Kant versus Hume on the nature of causation

Angelika asked:

I’m trying to understand the differences and similarities to Kant and Hume’s theory about cause and effect.

Can you explain the the basics in which they are similar and different from each other?

Answer by Martin Jenkins

David Hume

In his Enquiry Concerning Human Understanding (1748) Hume argues that all human knowledge is derived from ideas, the relation between ideas and impressions, matters of fact. This knowledge, when reflected upon, displays regularity, displays coherence, it is not chaotic and arbitrary although Hume finds the opposite or contrary of this regularity perfectly possible. So he deduces experience displays resemblance, contiguity and causality.

With resemblance, there is a picture and what the picture represents or resembles; with contiguity there is the inherence of one thing in another as when we think of a room, we cannot but think it as being in a house, and with causality, one thing is said to cause an effect as when an injury causes pain. Without the one thing, the consequent cannot follow or where the impression of one thing leads us to the impression of another.
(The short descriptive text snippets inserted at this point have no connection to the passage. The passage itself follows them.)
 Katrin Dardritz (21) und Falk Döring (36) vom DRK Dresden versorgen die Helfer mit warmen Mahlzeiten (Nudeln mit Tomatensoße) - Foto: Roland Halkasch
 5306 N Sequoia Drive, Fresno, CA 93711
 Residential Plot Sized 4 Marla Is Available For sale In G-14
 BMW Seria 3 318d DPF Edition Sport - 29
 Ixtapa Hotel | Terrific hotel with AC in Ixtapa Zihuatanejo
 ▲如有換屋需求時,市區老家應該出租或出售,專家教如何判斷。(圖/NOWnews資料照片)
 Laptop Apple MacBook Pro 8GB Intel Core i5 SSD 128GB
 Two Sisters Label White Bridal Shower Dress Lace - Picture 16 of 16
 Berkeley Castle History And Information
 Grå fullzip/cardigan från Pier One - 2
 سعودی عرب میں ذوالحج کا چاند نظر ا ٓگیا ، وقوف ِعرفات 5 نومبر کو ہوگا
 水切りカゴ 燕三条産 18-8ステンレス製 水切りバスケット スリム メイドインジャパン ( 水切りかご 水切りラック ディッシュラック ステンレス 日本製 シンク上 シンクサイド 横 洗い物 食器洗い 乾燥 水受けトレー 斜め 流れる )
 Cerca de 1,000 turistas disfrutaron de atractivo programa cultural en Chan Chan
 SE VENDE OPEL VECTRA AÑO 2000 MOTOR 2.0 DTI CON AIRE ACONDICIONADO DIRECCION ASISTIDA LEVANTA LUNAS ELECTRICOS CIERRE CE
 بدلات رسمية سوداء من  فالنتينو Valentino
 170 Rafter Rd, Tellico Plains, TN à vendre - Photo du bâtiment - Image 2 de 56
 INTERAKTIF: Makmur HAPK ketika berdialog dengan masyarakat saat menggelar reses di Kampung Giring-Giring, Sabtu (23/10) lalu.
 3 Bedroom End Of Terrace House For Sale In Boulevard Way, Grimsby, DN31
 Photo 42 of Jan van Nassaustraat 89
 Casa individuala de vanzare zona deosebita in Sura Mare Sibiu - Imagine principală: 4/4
Causality is for Hume, the basis for many of our inferences and deductions about the world. We infer that the daylight is the effect caused by the sun rising every morning and that this will continue; that the intentions (cause) of a friend to travel to France are evidenced by a letter received from him (effect); that bread has a positive effect on me caused by the nourishing powers contained therein. In other words, our experienced world of matters of fact is assumed to continue as it has in the past; so much so that we make causal inferences and predictions on their basis.

It is perfectly and logically possible that such continuity may cease. That falling snow may taste of salt, that bread may cease to be nourishing, that the sun may not rise tomorrow. Yet as someone once remarked: ‘Would you want to put money on it?’

Yet thinking about the issue raises problems: what demonstrative grounds can we have that prove, that guarantee the future will be the same as the present and past? Only upon such grounds can we genuinely infer from the present into the future and more importantly, rest secure in all our causal reasoning.

The answer for Hume, was that the impressions of the constant conjunction of things such as bread and nourishment, the sun and daylight, snow and cold, candle flame and heat give rise to the custom or habit of associating the qualities. The cause of an effect is not any ‘power’ or ‘necessary connection’; it is again, the constant conjunction of events giving rise to the habit, expectation associating the two events.

"Our idea of necessity and causation arises entirely from the uniformity observable in nature, where similar objects are constantly conjoined together and the mind is determined by custom, to infer the one from the appearance of the other. These two instances form the whole of that necessity which we ascribe to matter. Beyond the constant conjunction of similar objects and the consequent inference from one to the other, we have no notion of any necessity or connexion." (VII. Liberty and Necessity)

There is just the constant conjunction of things and the experience of this displayed uniformity of nature. People abstract from this and project it into the future and why shouldn’t they? There is just the uniformity of nature and where there are experienced anomalies, they do not threaten the uniformity of nature. There is no necessary connection or cause and effect, this being a predisposition of humans to posit a necessity in phenomena. This is superfluous, there is just the uniformity of nature and the constant conjunction of events. Nothing more is required.

Immanuel Kant

Kant remarked that Hume had woken him up from his dogmatic slumber. Despite Hume concluding that epistemologically, all we can observe is the constant conjunction of events and apparently finding this unproblematic, Kant did not.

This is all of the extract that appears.